Disappointment

Disappointment is what happens when someone fails to meet the expectations that you have for them.

Sometimes those expectations are unrealistic. Sometimes it is asking too much of the other person. I get that this isn’t fair to the other person. We need to love people for exactly who and what they are, without strings or expectations attached. Unconditional love and all that.

But what happens when those expectations are simple and basic? At what point do you decide between realistic and unrealistic expectations? Not all expectations are out of the question. Sometimes they’re simply a part of being in a good relationship. And you know what? I’m not sure that I believe in unconditional love in all cases. It’s one thing to love someone for exactly who and what they are…but it’s quite another to look away from real issues within the relationship.

The big problem comes in recognizing the difference between the realistic and unrealistic expectations. Recognizing the difference and communicating those realistic expectations with your partner in a healthy, productive way.

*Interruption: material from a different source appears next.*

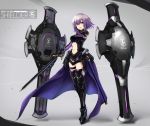  1girl bodysuit boots breasts center_opening character_name cleavage elbow_gloves fate/grand_order fate_(series) full_body gloves high_heel_boots high_heels highres holding holding_weapon lavender_hair looking_at_viewer navel open_mouth purple_hair saamon_(railgun0522) shield shielder_(fate/grand_order) short_hair skirt stomach sword weapon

You’d think this relationship stuff would get easier after a while.

Not so much.

 

5 Responses

  1. Sigh. I know this feeling…from a friendship right now. Dissapointment is hard to swallow. I’m sorry to hear it my dear!

  2. Ah… expectations… I can relate… I’m going through the same thing myself. Wanting so desperately to be on the same page… while trying to blend lives together….it is so difficult to achieve…. but I will remain the optimist.. Communicating those expectations… while maintaining my composure… I find to be one of the most difficult tasks of all….. hope it all works out : )

  3. I am so sorry that you’re having a hard time. Why isn’t life ever simple!

  4. At some point I keep waiting for relationships to be simple and they never are–no matter the age. My 12-year-old daughter was just broken up with by a boy who told HER friend first … lame. See, even 12-year-olds, who are so close to knowing everything, don’t even know how to work relationships 😉 *hugs*

  5. Hmm. I’m not sure I believe in unconditional love either. Especially in romantic relationships. I’m not sure where the line between asking too much and asking just enough is, but I know it exists. I think we let our potential partners know some of those expectations up front in direct and even indirect ways, and if they choose to enter into the relationship anyway, that is a tacit understanding and even acceptance of those conditions.